Esther Shin: Bringing Results Thinking to Urban Strategies
A recent evaluation of the Annie E. Casey Foundation’s Children and Family Fellowship® included case studies of individual Fellows who applied the program’s leadership lessons to transform the way organizations work on behalf of kids, families and communities. The post below is one of a series of three based on those case studies.

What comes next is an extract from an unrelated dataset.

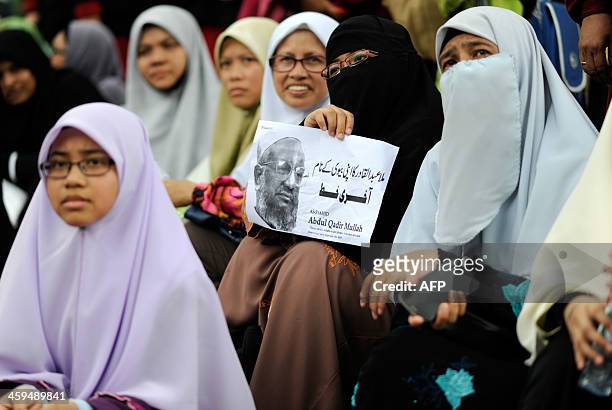 Malaysian Islamist holds a placard during a rally against the execution of top Bangladeshi Islamist leader Abdul Quader Molla in Kuala Lumpur on...
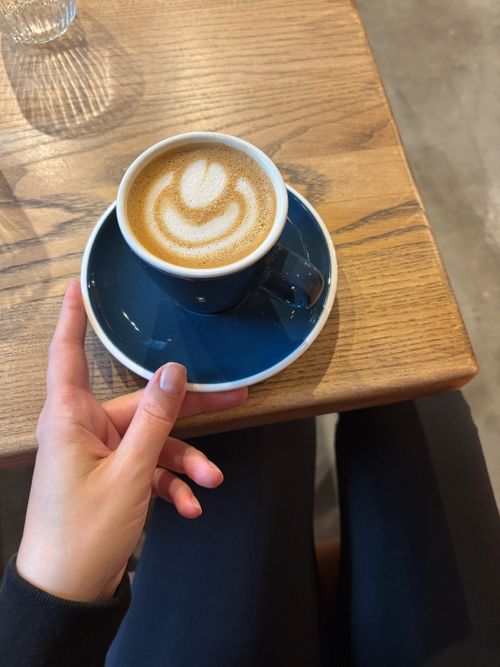 Free A serene coffee moment featuring elegant latte art in a cozy café setting. Stock Photo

Esther Shin, president of Urban Strategies, Inc. (USI), was a member of the 10th class (2016–2017) of the Annie E. Casey Foundation’s Children and Family Fellowship, an intensive leadership program for outstanding social sector executives. Applying tools and skills from the Foundation’s Results Count® framework, Shin worked “to get everyone in her organization focused on results and data, and on seeing the child and family in a larger context,” says Michelle P. Heelan, director of Human Capital at ICF, the consulting firm that recently completed an evaluation of the Fellowship. “I think all of that was very powerful.”
Shin’s major accomplishments, according to Heelan, include helping USI and its community partners reframe their top-level result, or the North Star, for their work. That meant a focus on well-being: families are not only stable but thriving. To achieve this result, Urban Strategies needed to hone its economic opportunity, education and health strategies.
In Memphis, for example, the rate of employment and the level of earned income are significant factors that influence whether families are stable and thriving. USI and its community partners provided services that included helping adults secure living-wage employment by removing barriers such as transportation and child care and building financial capacity. Between 2017 and 2019, employment rates and average earned income nearly doubled in the subsidized and mixed-income housing communities served by USI.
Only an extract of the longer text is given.